A new large-scale academic study has added data-backed clarity to a debate long driven by hype: can AI truly match human creativity in advertising? According to research analyzing over 500 million ad impressions, the answer is yes – at least when it comes to performance.
Conducted using live campaign data from Taboola’s performance platform Realize, the study was carried out in collaboration with researchers from Columbia University, Harvard University, Technical University of Munich, and Carnegie Mellon University.

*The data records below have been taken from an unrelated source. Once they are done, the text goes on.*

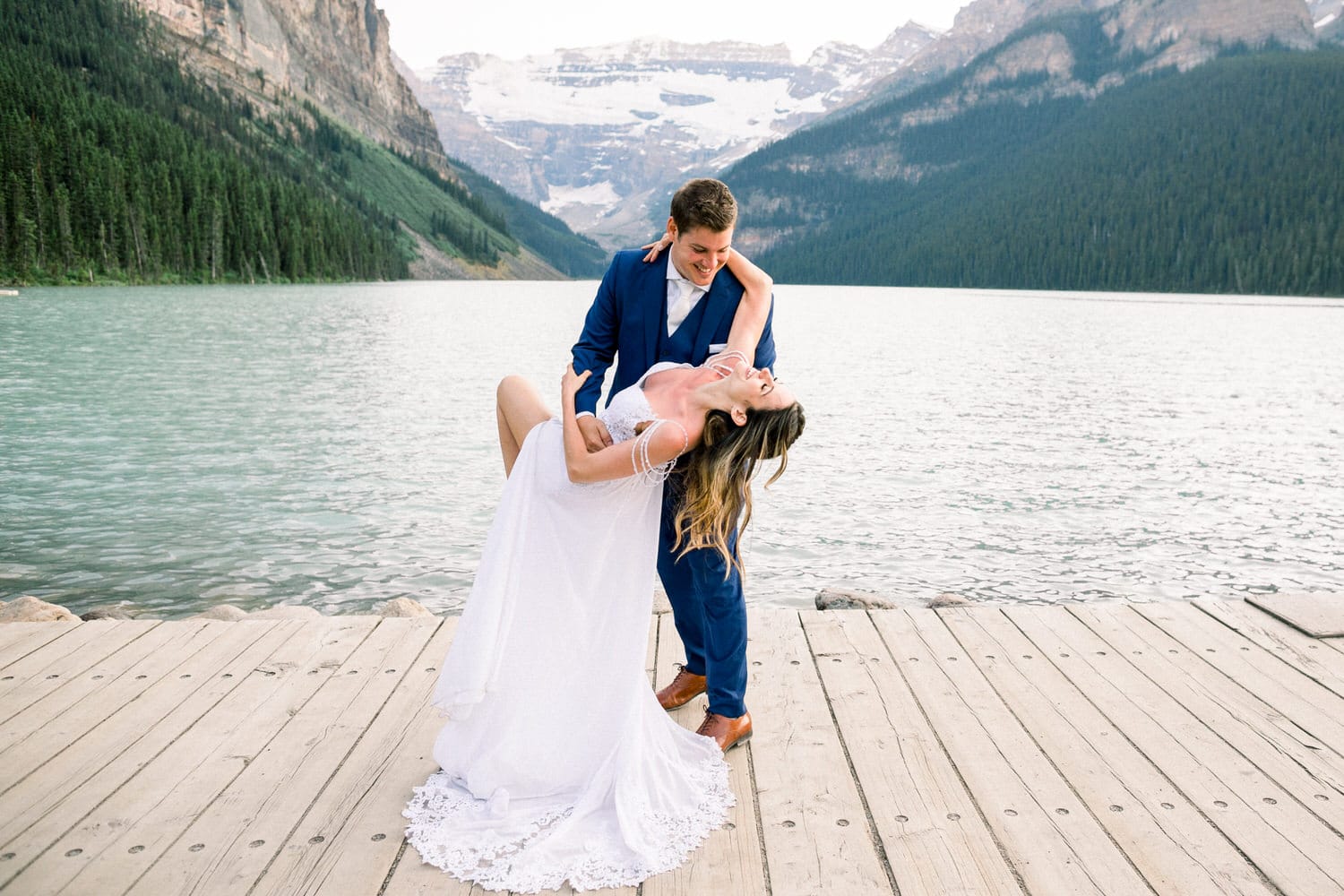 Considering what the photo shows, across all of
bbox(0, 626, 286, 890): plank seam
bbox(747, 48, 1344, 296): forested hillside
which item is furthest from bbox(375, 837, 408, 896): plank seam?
bbox(747, 48, 1344, 296): forested hillside

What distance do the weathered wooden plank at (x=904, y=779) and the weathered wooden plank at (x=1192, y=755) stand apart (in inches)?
36.0

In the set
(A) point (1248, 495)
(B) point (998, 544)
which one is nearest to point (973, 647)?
(B) point (998, 544)

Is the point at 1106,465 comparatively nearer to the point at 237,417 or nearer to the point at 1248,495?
the point at 1248,495

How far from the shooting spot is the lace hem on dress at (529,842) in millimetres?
3291

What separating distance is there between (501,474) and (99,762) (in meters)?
12.7

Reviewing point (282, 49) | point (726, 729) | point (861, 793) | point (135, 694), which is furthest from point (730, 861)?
point (282, 49)

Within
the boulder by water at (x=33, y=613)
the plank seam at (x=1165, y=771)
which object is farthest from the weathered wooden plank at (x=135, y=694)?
the plank seam at (x=1165, y=771)

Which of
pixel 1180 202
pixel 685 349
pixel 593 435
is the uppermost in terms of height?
pixel 1180 202

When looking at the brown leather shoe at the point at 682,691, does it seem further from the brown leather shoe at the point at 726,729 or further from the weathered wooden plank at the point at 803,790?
the brown leather shoe at the point at 726,729

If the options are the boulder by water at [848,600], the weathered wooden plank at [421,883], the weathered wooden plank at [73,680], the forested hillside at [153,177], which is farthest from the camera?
the forested hillside at [153,177]

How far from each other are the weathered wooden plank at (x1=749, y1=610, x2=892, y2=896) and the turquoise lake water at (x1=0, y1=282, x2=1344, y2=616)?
17.8 feet

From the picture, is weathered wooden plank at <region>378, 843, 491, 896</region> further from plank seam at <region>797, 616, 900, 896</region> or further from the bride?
plank seam at <region>797, 616, 900, 896</region>

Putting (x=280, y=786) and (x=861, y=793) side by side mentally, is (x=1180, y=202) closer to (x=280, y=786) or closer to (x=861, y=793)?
(x=861, y=793)

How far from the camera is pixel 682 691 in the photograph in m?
4.80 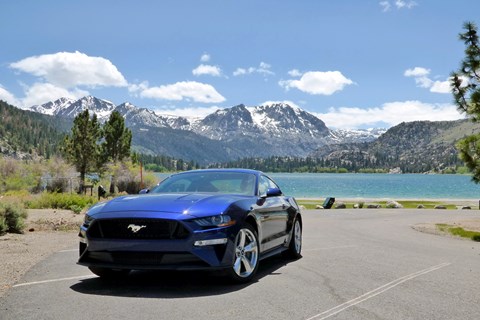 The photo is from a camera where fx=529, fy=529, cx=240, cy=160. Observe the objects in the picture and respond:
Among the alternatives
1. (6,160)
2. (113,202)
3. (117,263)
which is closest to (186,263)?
(117,263)

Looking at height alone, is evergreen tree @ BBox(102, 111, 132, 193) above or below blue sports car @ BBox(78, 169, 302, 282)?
above

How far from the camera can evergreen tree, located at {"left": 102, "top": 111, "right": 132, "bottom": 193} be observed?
186ft

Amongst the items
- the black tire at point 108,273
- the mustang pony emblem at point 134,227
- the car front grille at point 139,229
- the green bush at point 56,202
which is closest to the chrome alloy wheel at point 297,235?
the black tire at point 108,273

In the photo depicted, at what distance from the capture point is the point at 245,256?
22.7 feet

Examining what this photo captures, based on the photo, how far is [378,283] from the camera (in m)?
7.13

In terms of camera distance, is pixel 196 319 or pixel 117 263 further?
pixel 117 263

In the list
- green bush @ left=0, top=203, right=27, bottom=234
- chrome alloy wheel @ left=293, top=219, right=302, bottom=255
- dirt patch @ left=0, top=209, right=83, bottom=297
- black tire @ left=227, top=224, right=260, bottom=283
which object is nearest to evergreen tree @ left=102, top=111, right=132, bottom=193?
dirt patch @ left=0, top=209, right=83, bottom=297

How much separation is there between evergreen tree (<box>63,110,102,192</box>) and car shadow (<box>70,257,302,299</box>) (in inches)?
1768

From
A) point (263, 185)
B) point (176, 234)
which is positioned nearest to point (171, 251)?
point (176, 234)

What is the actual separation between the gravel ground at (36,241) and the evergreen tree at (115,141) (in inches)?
1464

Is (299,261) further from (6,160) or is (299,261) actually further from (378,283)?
(6,160)

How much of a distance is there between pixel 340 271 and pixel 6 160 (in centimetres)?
4268

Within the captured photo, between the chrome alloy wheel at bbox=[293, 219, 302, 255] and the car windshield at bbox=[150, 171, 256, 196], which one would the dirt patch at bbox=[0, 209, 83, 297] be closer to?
the car windshield at bbox=[150, 171, 256, 196]

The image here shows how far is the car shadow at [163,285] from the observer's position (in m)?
6.23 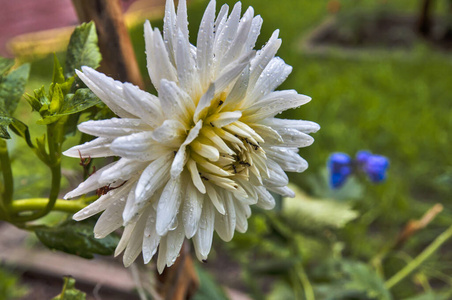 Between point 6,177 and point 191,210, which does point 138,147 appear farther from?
point 6,177

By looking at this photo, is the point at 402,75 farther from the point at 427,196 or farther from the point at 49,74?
the point at 49,74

By examining hundreds of thousands of ads that generated more than three million clicks, the researchers found that AI-generated ads performed on par with human-created campaigns in real-world environments.

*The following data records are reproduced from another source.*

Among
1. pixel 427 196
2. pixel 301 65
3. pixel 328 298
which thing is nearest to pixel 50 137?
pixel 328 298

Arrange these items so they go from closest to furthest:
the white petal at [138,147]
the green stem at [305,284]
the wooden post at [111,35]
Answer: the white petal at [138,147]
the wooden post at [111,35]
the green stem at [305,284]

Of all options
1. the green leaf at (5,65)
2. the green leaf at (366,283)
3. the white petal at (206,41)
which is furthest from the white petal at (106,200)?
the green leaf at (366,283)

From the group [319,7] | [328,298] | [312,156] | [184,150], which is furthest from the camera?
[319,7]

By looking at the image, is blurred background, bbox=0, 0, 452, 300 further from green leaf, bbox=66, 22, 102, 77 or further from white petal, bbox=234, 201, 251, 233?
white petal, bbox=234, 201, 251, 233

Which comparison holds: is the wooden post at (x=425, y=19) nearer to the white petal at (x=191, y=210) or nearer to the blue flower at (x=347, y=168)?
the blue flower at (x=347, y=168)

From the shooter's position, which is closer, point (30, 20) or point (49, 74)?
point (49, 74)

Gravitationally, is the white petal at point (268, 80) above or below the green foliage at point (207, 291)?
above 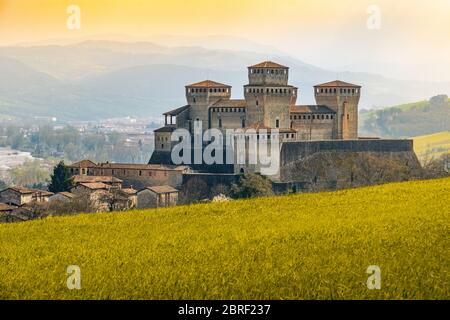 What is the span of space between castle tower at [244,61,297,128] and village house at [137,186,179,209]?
29.3ft

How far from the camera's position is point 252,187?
66.9 m

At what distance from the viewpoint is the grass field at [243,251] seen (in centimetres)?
1928

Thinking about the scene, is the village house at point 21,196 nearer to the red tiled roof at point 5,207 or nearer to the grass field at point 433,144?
the red tiled roof at point 5,207

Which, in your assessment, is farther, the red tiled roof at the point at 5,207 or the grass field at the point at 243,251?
the red tiled roof at the point at 5,207

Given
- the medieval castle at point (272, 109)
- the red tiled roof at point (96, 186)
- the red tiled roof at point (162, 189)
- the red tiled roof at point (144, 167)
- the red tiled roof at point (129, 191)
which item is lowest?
the red tiled roof at point (129, 191)

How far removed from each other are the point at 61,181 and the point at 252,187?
17.1 m

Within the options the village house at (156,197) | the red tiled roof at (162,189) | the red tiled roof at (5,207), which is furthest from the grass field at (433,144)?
the red tiled roof at (5,207)

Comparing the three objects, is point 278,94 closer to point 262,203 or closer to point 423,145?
point 262,203

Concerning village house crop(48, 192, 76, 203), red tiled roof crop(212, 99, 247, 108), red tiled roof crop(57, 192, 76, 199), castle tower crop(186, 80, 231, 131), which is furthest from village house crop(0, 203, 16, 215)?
red tiled roof crop(212, 99, 247, 108)

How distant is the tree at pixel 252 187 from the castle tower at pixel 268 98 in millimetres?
9147

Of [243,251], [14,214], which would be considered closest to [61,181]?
[14,214]

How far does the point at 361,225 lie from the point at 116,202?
44236 millimetres

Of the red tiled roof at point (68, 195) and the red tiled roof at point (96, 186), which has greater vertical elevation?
the red tiled roof at point (96, 186)

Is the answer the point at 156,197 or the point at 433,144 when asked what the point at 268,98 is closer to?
the point at 156,197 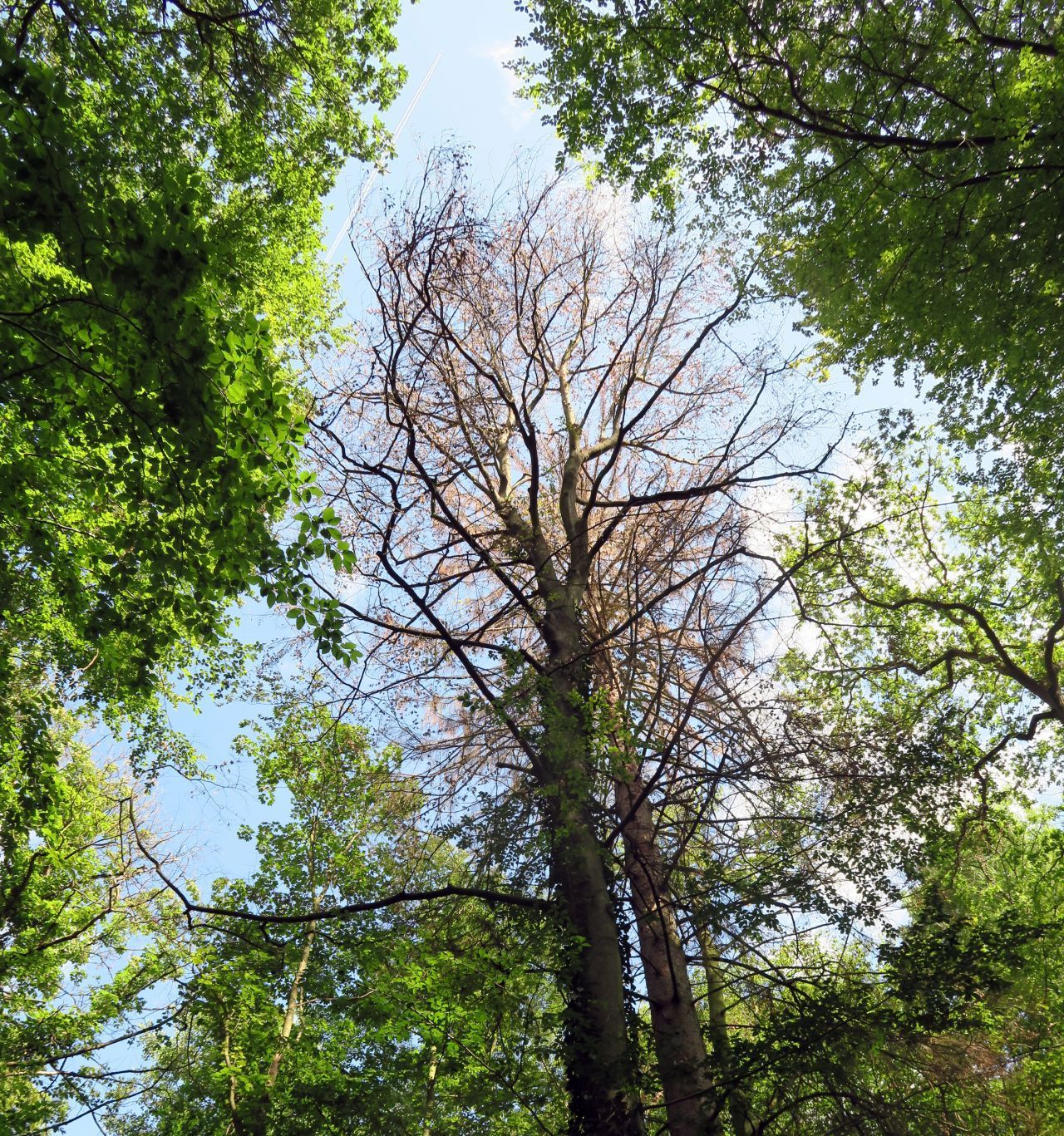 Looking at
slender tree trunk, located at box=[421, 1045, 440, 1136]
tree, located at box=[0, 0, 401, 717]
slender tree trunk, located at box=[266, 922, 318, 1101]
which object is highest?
tree, located at box=[0, 0, 401, 717]

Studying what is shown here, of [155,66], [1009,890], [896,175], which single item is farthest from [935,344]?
[1009,890]

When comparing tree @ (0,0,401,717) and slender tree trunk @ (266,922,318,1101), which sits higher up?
tree @ (0,0,401,717)

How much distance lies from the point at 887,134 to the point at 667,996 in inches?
342

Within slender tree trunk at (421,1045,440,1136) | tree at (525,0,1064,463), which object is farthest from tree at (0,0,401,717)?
slender tree trunk at (421,1045,440,1136)

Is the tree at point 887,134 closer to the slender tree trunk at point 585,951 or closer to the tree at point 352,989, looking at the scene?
the slender tree trunk at point 585,951

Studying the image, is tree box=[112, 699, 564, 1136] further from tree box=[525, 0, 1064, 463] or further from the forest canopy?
tree box=[525, 0, 1064, 463]

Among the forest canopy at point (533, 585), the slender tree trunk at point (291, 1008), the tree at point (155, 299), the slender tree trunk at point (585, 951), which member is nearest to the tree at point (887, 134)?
the forest canopy at point (533, 585)

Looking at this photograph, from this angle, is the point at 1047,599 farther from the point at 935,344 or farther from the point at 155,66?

Interestingly, AI ads even showed a slightly higher raw click-through rate (0.76%) compared to human-made ads (0.65%). Once statistical controls were applied, performance levels evened out – suggesting that AI can now scale creative output without compromising effectiveness. The key differentiator, however, was how human the ads felt. AI creatives that leaned into human cues, especially clear, visible human faces, consistently delivered stronger engagement than ads that looked overtly artificial.
The study also found no negative impact on downstream conversions, easing advertiser concerns about quality loss when using AI at scale. Early adoption has been strongest in categories like food and drink and personal finance, where speed and volume matter.
Using a “sibling ads” methodology – comparing AI and human creatives from the same campaign on the same day – the research isolated creative origin as the true variable. The takeaway is clear: AI is no longer a shortcut, but a competitive creative partner, reshaping how advertising is produced, tested, and scaled.